The task: For the data below, retype word for word the lines from the one containing "홈 pc방 꾸미기 뉴트로" through the one containing "Rayon Gradient Tie-Dye"; drop the pictures.

(Beginning of Data)

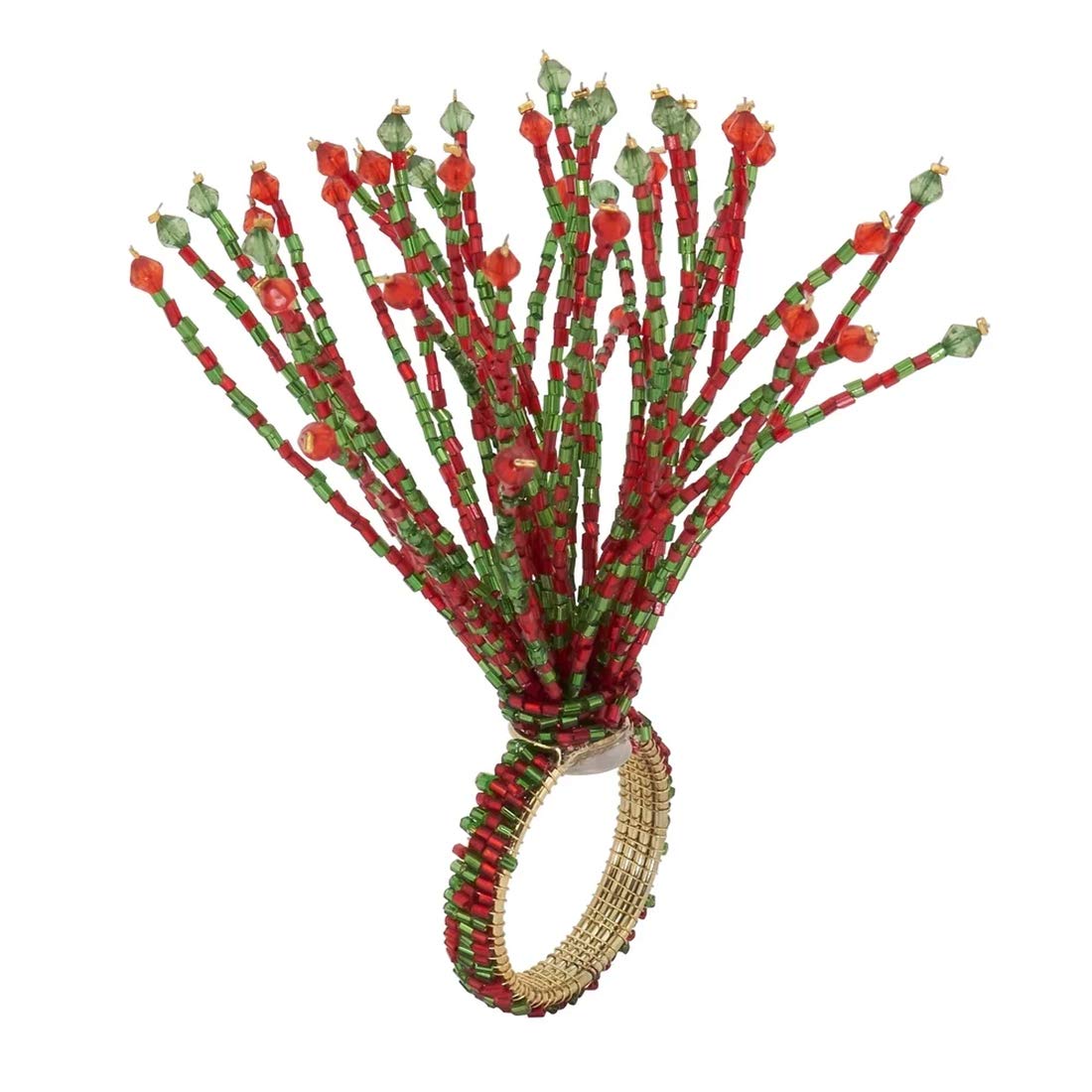 Fennco Styles Hand Beaded Spray Design Decorative Napkin Rings, Set of 4 - Silver Glass Beads Napkin Holders for Home, Dining Table, Banquets, Christmas Décor and Special Occasion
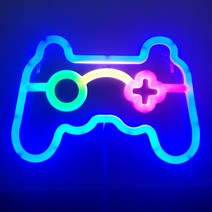 홈 pc방 꾸미기 뉴트로 게임방 네온사인 LED 무드등 선물, 컬러 폭 25센티 높이 17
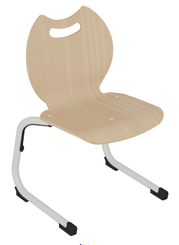 SCOLAIRE - Decouvrir - Chaise SWEET II coque Bandana bois teinté piètement époxy - T1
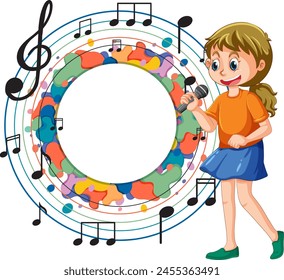 Cartoon girl singing, surrounded by vibrant musical notes.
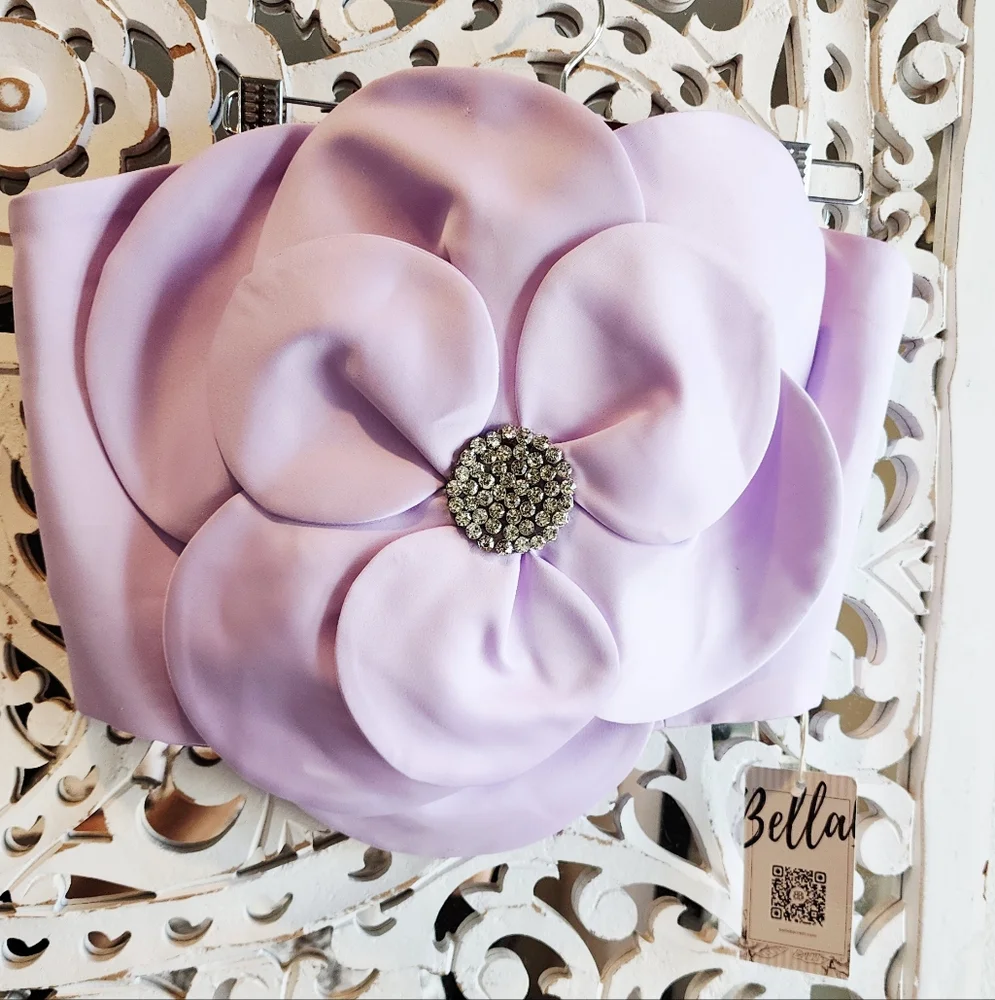 BELLA BARNETT LILAC FLOWER STRAPLES TOP NWT SIZE LARGE - Picture 3 of 13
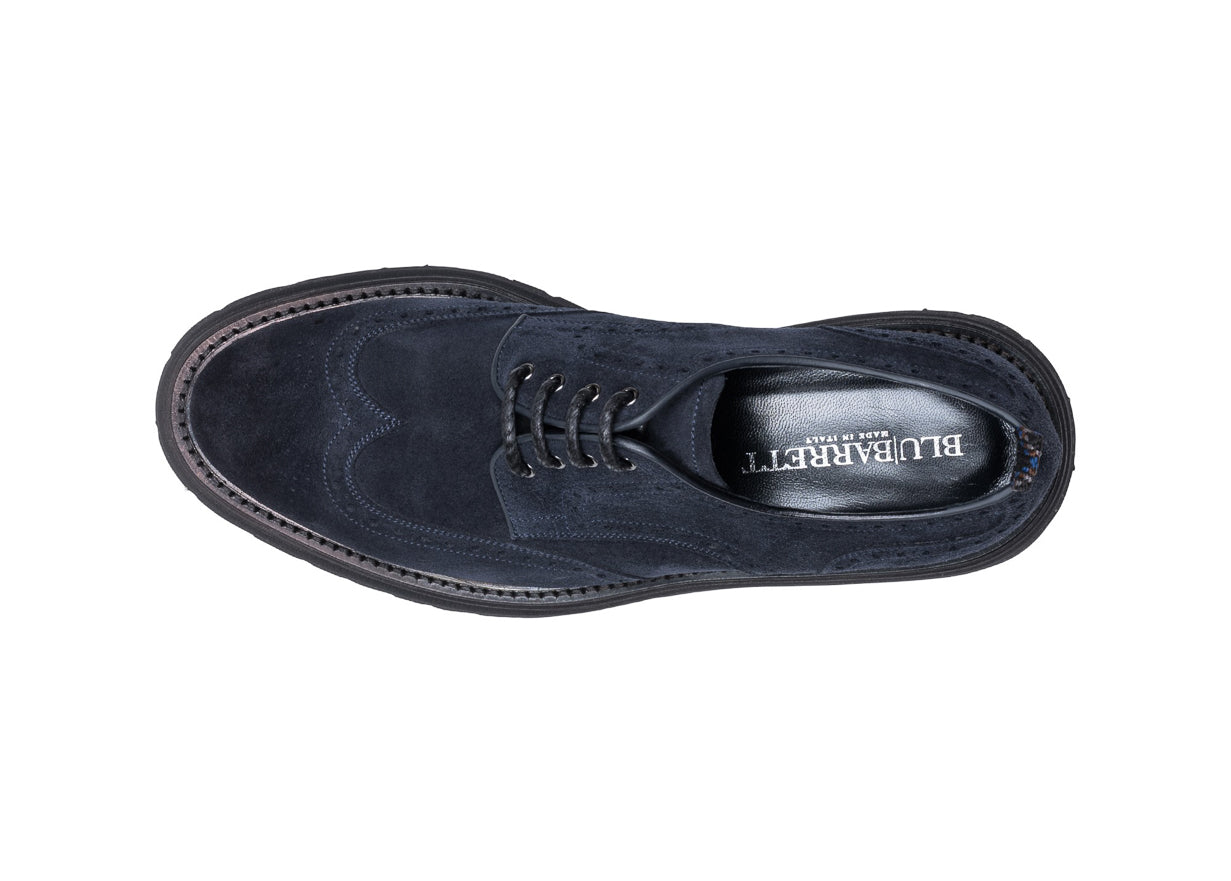 BARRETT - Pantofi din piele intoarsa, cu siret, bleumarin.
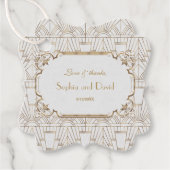 ホワイト素晴らし金ゴールドギャツビーアールデコ1920s結婚s フェイバータグ (正面)
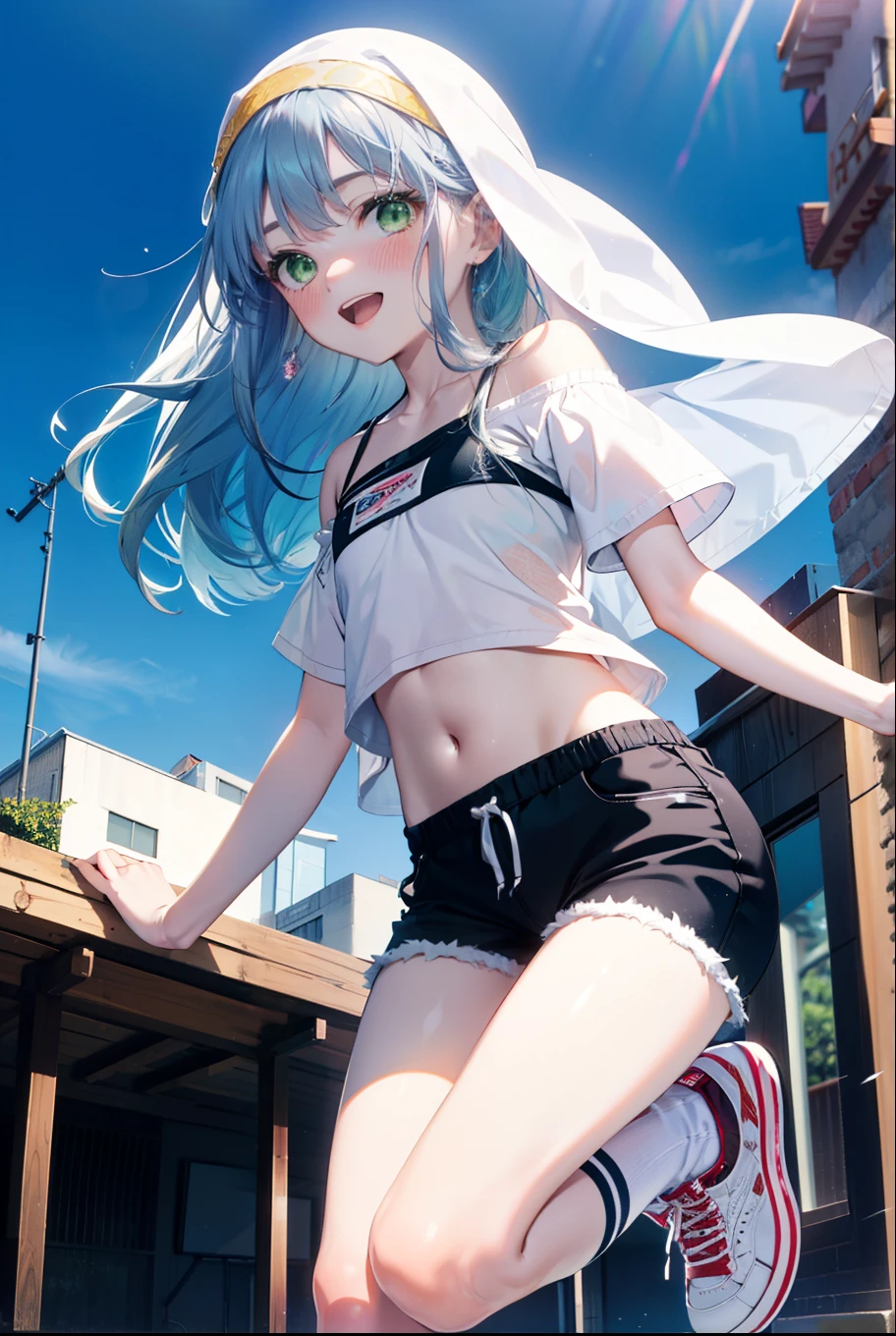 index, index, (Green Eyes:1.5), Blue Hair, Long Hair, (Flat Chest:1.2),happy smile, smile, Open your mouth,blush,hair band,Cordo shoulder top,Short sleeve,Shorts,White knee socks,High-top sneakers,Daytime,Clear skies,whole bodyがイラストに入るように,Walking,
break looking at viewer, whole body,
break outdoors, In town,Building district,
break (masterpiece:1.2), highest quality, High resolution, unity 8k wallpaper, (figure:0.8), (Beautiful fine details:1.6), Highly detailed face, Perfect lighting, Highly detailed CG, (Perfect hands, Perfect Anatomy),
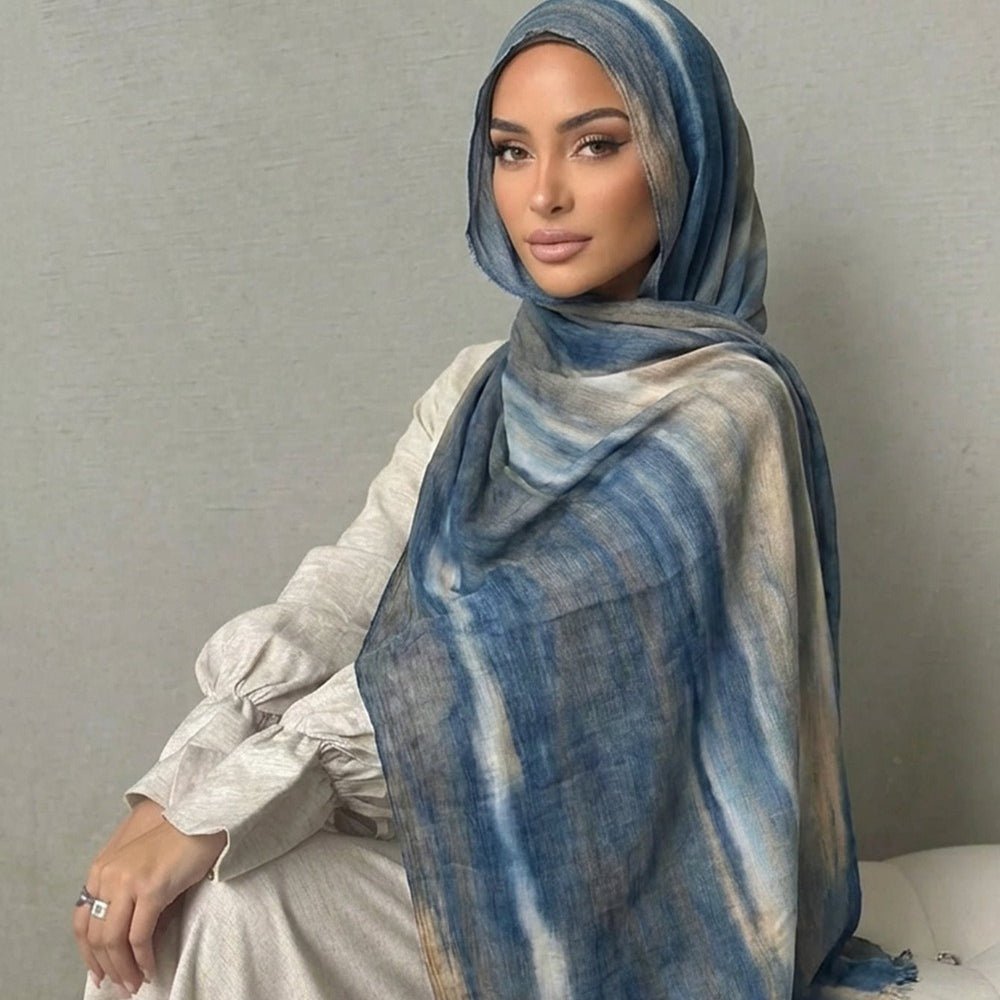 Rayon Gradient Tie-Dye Scarf  | Rayon Gradient Hijab (MH216)
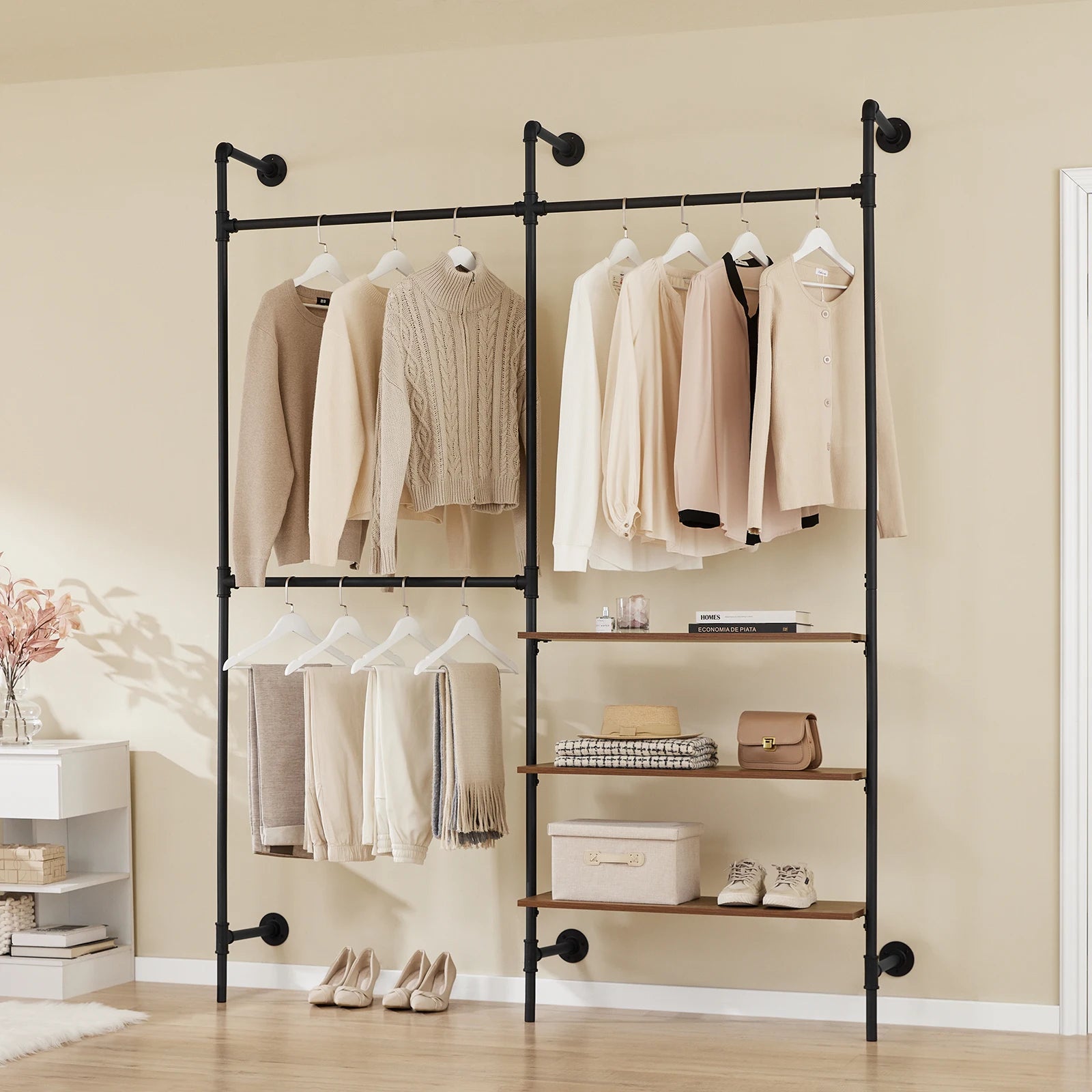 SoBuy KLS18-SCH wall mounted dresses stand with 3 dresses rods & 3 MDF storage space-saving open dresses cabinet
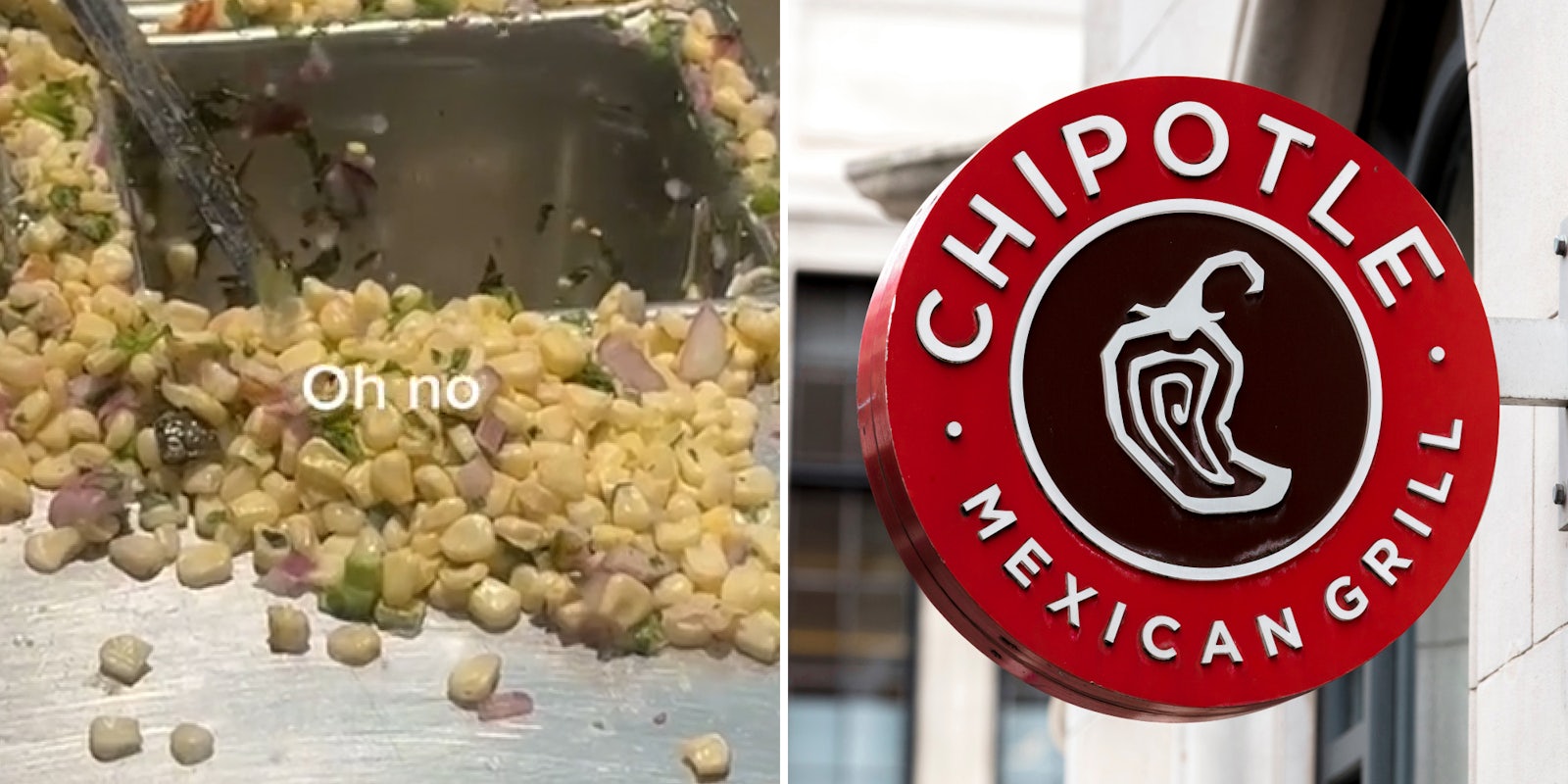 Chipotle counter with food everywhere messy corn spilled all over caption 'on no' (l) Chipotle Mexican Grill sign circular on wall (r)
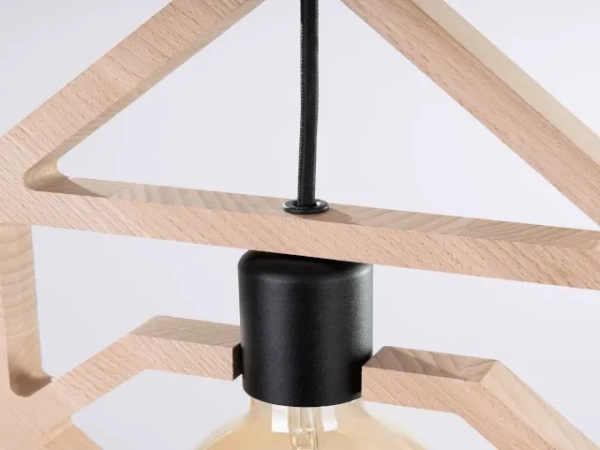 Lampa wisząca CARO SL.1757 drewniana czarna 1xE27 do kuchni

(End of Data)

Your response:
 홈 pc방 꾸미기 뉴트로 게임방 네온사인 LED 무드등 선물, 컬러 폭 25센티 높이 17
 SCOLAIRE - Decouvrir - Chaise SWEET II coque Bandana bois teinté piètement époxy - T1
 Cartoon girl singing, surrounded by vibrant musical notes.
 BELLA BARNETT LILAC FLOWER STRAPLES TOP NWT SIZE LARGE - Picture 3 of 13
 BARRETT - Pantofi din piele intoarsa, cu siret, bleumarin.
 ホワイト素晴らし金ゴールドギャツビーアールデコ1920s結婚s フェイバータグ (正面)
 index, index, (Green Eyes:1.5), Blue Hair, Long Hair, (Flat Chest:1.2),happy smile, smile, Open your mouth,blush,hair band,Cordo shoulder top,Short sleeve,Shorts,White knee socks,High-top sneakers,Daytime,Clear skies,whole bodyがイラストに入るように,Walking,
break looking at viewer, whole body,
break outdoors, In town,Building district,
break (masterpiece:1.2), highest quality, High resolution, unity 8k wallpaper, (figure:0.8), (Beautiful fine details:1.6), Highly detailed face, Perfect lighting, Highly detailed CG, (Perfect hands, Perfect Anatomy),
 Rayon Gradient Tie-Dye Scarf  | Rayon Gradient Hijab (MH216)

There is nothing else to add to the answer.